SUPPLIED MATERIAL
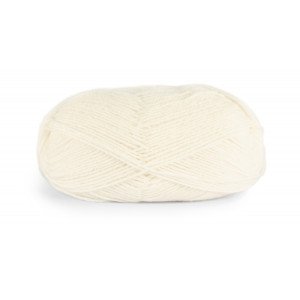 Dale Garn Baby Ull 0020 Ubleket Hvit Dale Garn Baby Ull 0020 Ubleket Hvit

==

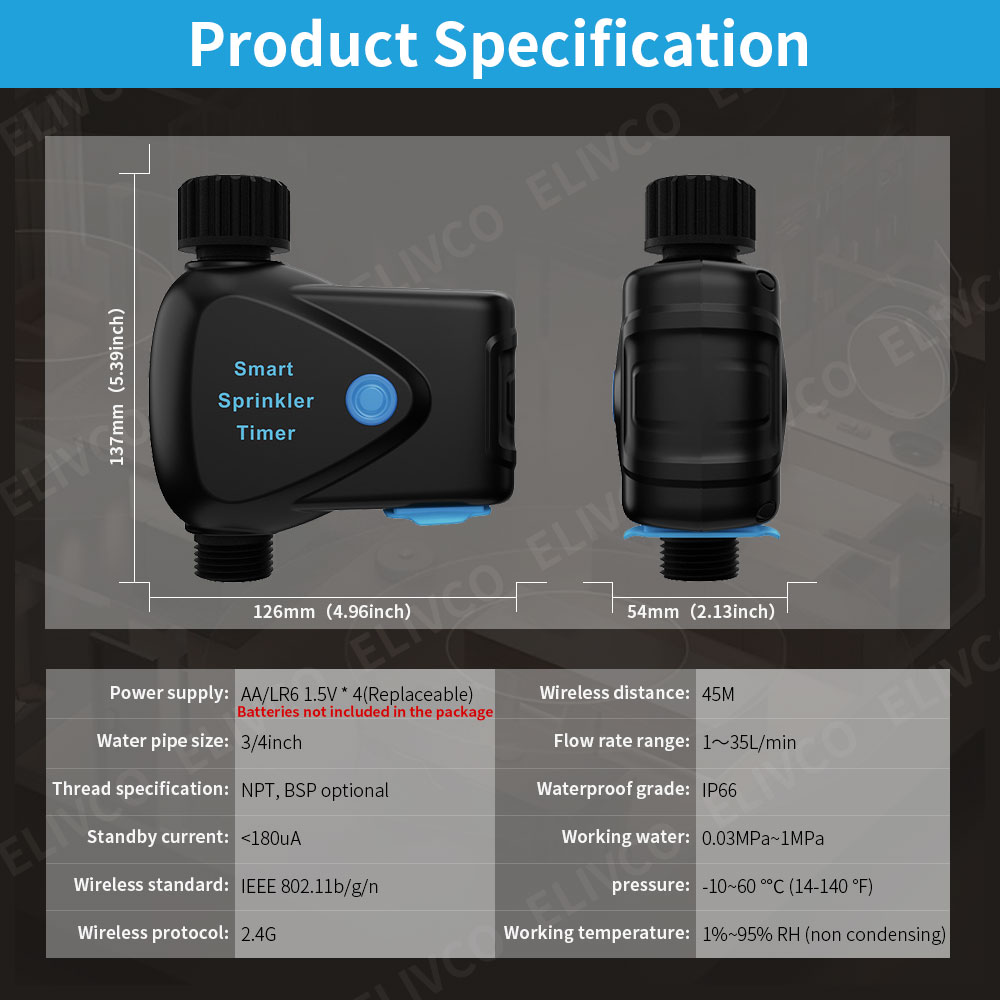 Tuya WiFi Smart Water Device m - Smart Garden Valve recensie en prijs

---

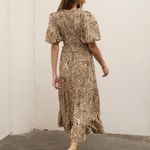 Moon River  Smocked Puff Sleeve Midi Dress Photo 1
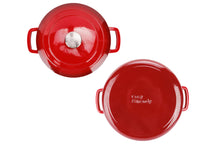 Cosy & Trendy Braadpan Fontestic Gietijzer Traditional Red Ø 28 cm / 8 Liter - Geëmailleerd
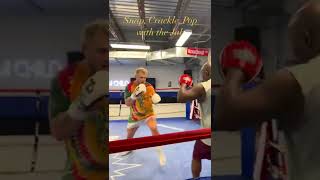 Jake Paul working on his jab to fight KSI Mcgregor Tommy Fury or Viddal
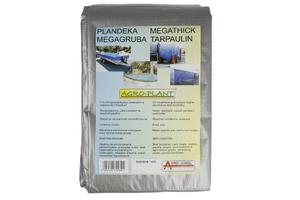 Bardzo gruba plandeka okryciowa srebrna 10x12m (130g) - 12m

WORK TO BE COMPLETED
Nothing but the lines above from the line with "Jake Paul working" up to and including the line with "Bardzo gruba plandeka" should be returned, exactly as written and without pictures.

ANSWER TO THE PROBLEM
 Jake Paul working on his jab to fight KSI Mcgregor Tommy Fury or Viddal
 Bardzo gruba plandeka okryciowa srebrna 10x12m (130g) - 12m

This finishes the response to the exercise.